I'm not sure why you are doing this "buck a few volts"... the VFD could not care less so long as the line voltage was in tolerance. So for example of you have a 240V rated VFD and you need to feed a 200V rated motor, it will not know or care. You can still program the output voltage going to the motor to be 200V if that's what it needs, the VFD will do whatever you tell it. The only thing it CAN'T do is create voltage that isn't there; i.e. a 208V supply and having to feed a 230V motor.
 
I know that VFD's don't want to be fed from a 4-wire delta transformer.
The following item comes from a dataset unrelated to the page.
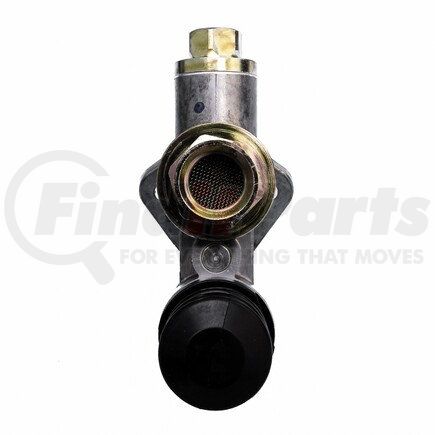 USMP82760 by US MOTOR WORKS - Mechanical Fuel Pump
But if I hook up two autotransformers in open delta to buck a few volts off of the wye-fed circuit, the line to ground imbalance isn't as bad as on a 4-wire delta.

Will the VFD work ok? Anybody try this before?
What does the IOM say? Back when I was working on Baldor and Toshiba drives (almost 25 years ago, mind you), both straight-up required wye sources. There's one site I remember doing a site-walk and feasibility check on installing a very large (500hp maybe?) regenerative drive where the floor ran almost entirely on 480v floating delta. We said "Thanks, no thanks" to that one.

I'm not sure why you are doing this "buck a few volts"... the VFD could not care less so long as the line voltage was in tolerance.
And this... again, what's the IOM say? With the IT gear I deal with today, we have the CBEMA/ITIC curve to guide us, but just about anything industrial should also have this included somewhere in their manuals.
 
I have found a cost efficient way to do a VFD on a open delta is a 1-phase to 3-phase VFD, the vendor oversized the VFD.
Where phases A-B is a 240V stinger transformer,
A-C is 120/240 split phase lighting pot,
and B-C is open,

A 1-phase VFD will work well on the A-B set, even if B is 208 to ground and A is 120 to ground.
And it only loads kVA on that stinger xfromer.
A 1- phase VFD does not like the open B-C set (and it disproportionately loads both stinger and lighting pot)
Only a 3-phase VFD gets weirded out by a 240 delta, 1-phase works fine and you can put its load on either transformer.
 
The reason VFDs don't "like" delta power sources is because they are built EXPECTING a consistent voltage reference to ground on all 3 phases, as you would have in a Wye (Star) configuration.
And this would be even more of an issue with OP configuration.

The open delta would equally affect the (3) L-L voltages but it would totally mess up the L-G voltages one of which would remain at 120V while the other two would be somewhat lower.
 
This discussion has gone slightly awry. The OP has a wye supply, not an open delta. But they want to reduce the voltage for some reason, and want to use an 'open delta autotransformer'. This is quite a bit different than a typical 'open delta high leg supply'. The only similarity is that you use 2 transformers in an open delta configuration, but the grounding is closer (not exactly, just closer) to a typical wye grounded system.